さて、明日はお土産を持ってジローのお店に行く予定である。馬車旅で疲れたし今夜は早く寝なければ。
ジローに会うのは久しぶりだ。
何かを作るのに忙しいみたいで春休み前はそんなに会えなかった。
だけど明日はお土産もあるし、…お兄様からのお達しもある。
ジローから試作品を受け取ってくるようにって言ってたけど…
試作品って何作ってたんだろう?僕はなんにも渡してないんだけど?
それも含めて楽しみでしかたない。
ジローのお店が大きくなるのが、まるで自分の手柄のように嬉しくって嬉しくって。
翌朝、店を訪れると何故か扉の前には待ちかまえるジローの姿が。
「テオ、ヴェーバー領は楽しかったか?」
「とっても楽しかった!ねぇ、どうしてお出迎え?」
「渡すものがあるんだ」
「えっ、プレゼン…ト、じゃないね。なにそれ?タイヤ?」
「たいや…。そうか、テオはこいつを知っていたのか」
「知ってるよ。作ったことは無いけど…。え~すごい!これじろーが考えたの?」
「ああ、俺が考えた。マカにも協力してもらってな。これをハインリヒ様に渡してくれるか」
「ジロー、これはどういうものだ」
「形状的に…車輪でしょうか…?」
僕とジローのやり取りを見て、その黒くてまあるい物体をしげしげと眺めていたアルとアリエスが不思議そうにそう問いかける。

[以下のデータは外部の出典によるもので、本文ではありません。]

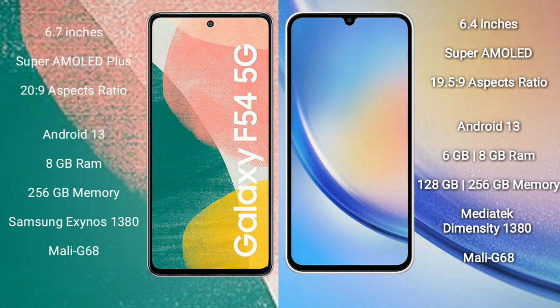Both the Samsung Galaxy A55 and Samsung Galaxy A54 run on the Android 13 operating system.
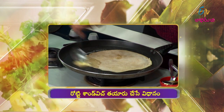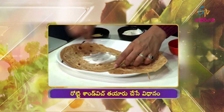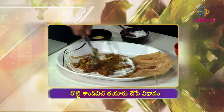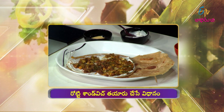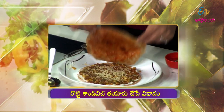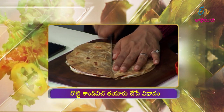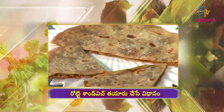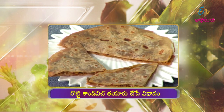Let's get started. Do the tomato sauce and close the sandwich with it. Now let's do the sandwich. Let's make the roti sandwich special and spicy. Roti Sandwich Ready!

「ああ。今までの木製の車輪やその車輪にゴムを巻いただけじゃない。これはゴム事態を筒状にして空気を入れてあるんだ。耐久性を高めるのは大変だったが…、ついに完成した!これを車輪にすればその乗り心地は飛躍的に良くなる。これは売れる!自信作だ!」
自分でタイヤを思いつくなんて…
すごいすごい!ジローはすごい!すごっ…あっ!あの…
ギュゥゥゥ…
いきなりのハグ!
「テオ!全部お前のおかげだ!」
「じ、じろー…ちょっと…」
ここ大通り…
ドゲシッ!
「このお馬鹿!公衆の面前で何を!誰かに見られたらどうするのです!」
アリエスのすごいキックが炸裂した。怖…。アルタイルも隣でビビってるじゃないか。
これ以上アリエスを怒らせてはマズい、みんな心を一つにして速攻店内に姿を隠した。
「あ、えと、じろー。これお土産。トキーラっていうすっごい強いお酒。でも飲み過ぎないでね」
「ああ、ありがとう。じゃあ俺からも」
「えっ?」
「まだ侯爵邸には行けないからな。お前の誕生祝い、少し早いけど良いよな?」
ジローが後ろ手に隠してたそれ。
「薬研だ…」
「いつまでもすり鉢じゃ大変だろ?こんなの欲しいって言ってたじゃないか。」
「…覚えてたの?」
「自作だからな。少し歪んでんのは勘弁してくれ」
「忙しいのに…、時間なかったでしょ?」
「お前の為だ」
ジィィィ…ン…
ジローの手彫りのケヤキの薬研。これを掘るのは大変だっただろうに。